Wie in vielen anderen Orten wurde auch in Rechnitz nie die grundsätzliche Arbeit der Auseinandersetzung mit dem NS-Herrschaftssystem geleistet - weder von der politischen Gemeindevertretung, noch auf einer individuellen persönlichen Ebene.
Die Ereignisse, die den Ort geschichtlich am meisten belasten, fanden wenige Tage vor Kriegsende statt. In der Nähe des Kreuzstadls des Gutes Batthyány wurden rund 180 ungarisch-jüdische Zwangsarbeiter von den Nazis ermordet und verscharrt. Die Mörder hatten ein Gefolgschaftsfest im örtlichen Schloss verlassen und feierten nach der Tat weiter. Nach dem Massengrab wird nun seit Jahren gesucht, um die Opfer in gebührender Weise und nach jüdischer Zeremonie bestatten zu können. Noch immer gibt es die Hoffnung auf einen Hinweis aus der Bevölkerung, wo die Toten vergraben sein könnten.
Wie schwierig das Aufgreifen dieser Gräueltat ist, konnte RE.F.U.G.I.U.S. - die Rechnitzer Flüchtlings- und Gedenkinitiative und Stiftung - seit ihrem Bestehen immer wieder erfahren.
Diese Initiative, gegründet auf Anregung und unter wesentlicher Beteiligung des Pianisten Paul Gulda, stellt es sich zur Aufgabe, den Kreuzstadl als Gedenkort für alle Opfer beim Südostwallbau zu erhalten und die Bedeutung der Vergangenheit für die Gegenwart bewusst zu machen.
Der Bau des Südostwalls und der Mord an ungarisch-jüdischen Zwangsarbeitern in Rechnitz
Im Oktober 1944 begannen im burgenländisch-ungarischen Grenzgebiet die Bauarbeiten zum so genannten "Südostwall", einem System von Befestigungsanlagen, das die sowjetische Armee an der Reichsgrenze aufhalten hätte sollen. Am Bau wurden Zivilisten aus den angrenzenden Reichsgauen Wien, Niederdonau und Steiermark eingesetzt, vor allem aber Zwangsarbeiter.
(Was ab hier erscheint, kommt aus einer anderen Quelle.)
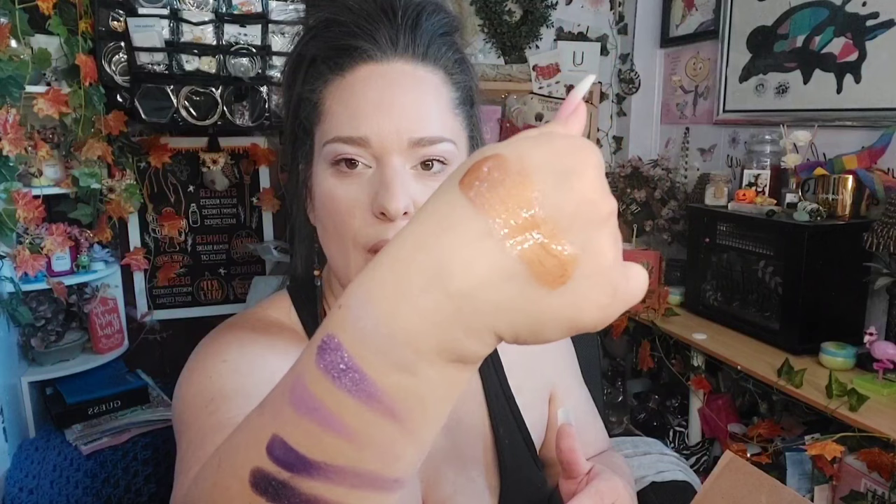I also got some Hank and Henry Luster Glows. This is a primer in the bronze gold color, and when you put it on your face it gives you that really nice bronzy glow. It's a pretty big bottle and I think I got it for like two to three dollars.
In Rechnitz begannen die Bauarbeiten am 9. Oktober 1944:
"In den Herbstmonaten des Jahres 1944 wurden Fremdarbeiter aus 12 Nationen, und zwar Franzosen, Griechen, Flüchtlinge aus den Balkanstaaten, Zwangsarbeiter aus den Ostgebieten, Muselmanen aus Serbien und Juden aus verschiedenen Staaten nach Rechnitz gebracht, um auch hier einen durchgehenden Panzergraben und Stellungen zu errichten. Auch Hitlerjugend wurde aus der Steiermark nach Rechnitz verlegt ... . Auch die Ortsbevölkerung, Männer und Frauen, mussten an der Errichtung des Südostwalles mitarbeiten."1
Am 8. November 1944 begannen die Todesmärsche der Budapester Juden nach Hegyeshalom/Straß-Sommerein. Von dort kam es zur Aufteilung der ungarisch-jüdischen Zwangsarbeiter auf die einzelnen Bauabschnitte des Südostwalls, wobei in Köszeg zwei Lager errichtet wurden. Am 24. März 1945 wurden rund 1000 ungarische Juden von Köszeg über Rechnitz in den Bauabschnitt Burg transportiert. 200 von ihnen wurden als arbeitsunfähig eingestuft und nach Rechnitz zum Bahnhof und von dort zum Kreuzstadl des Schweizermeierhofes gebracht. Am selben Abend fand im Schloss Batthány in Rechnitz ein Fest der örtlichen NS-Parteiführer statt, insgesamt dürften etwa 40 – 50 Personen an diesem Fest teilgenommen haben.2 Während des Festes stellte der Ortsgruppenleiter Podezin ein Erschießungskommando von 14 bis 15 Personen aus dem Kreis der Festgäste zusammen und verteilte die erforderliche Munition, um die beim Kreuzstadl lagernden Juden zu liquidieren. Nach dem Massenmord kehrten die Täter zu den Festgästen zurück. Eine Gruppe von 30 bis 40 weiteren jüdischen Zwangsarbeitern musste die Leichen begraben. Am darauffolgenden Abend wurden diese Zwangsarbeiter, das "Zuschauflerkommando", in der Nähe des Schlachthauses erschossen.3
1948 wurde der Prozess gegen die Täter aufgenommen. Sämtliche Zeugen bestritten die Angaben, die in einer Voruntersuchung gemacht worden waren, und entlasteten damit die Angeklagten. Die Urteile fielen sehr milde aus. Die Hauptverdächtigen Franz Podezin und der ehemalige Gutsverwalter Hans Joachim Oldenburg konnten nicht ausgeforscht werden.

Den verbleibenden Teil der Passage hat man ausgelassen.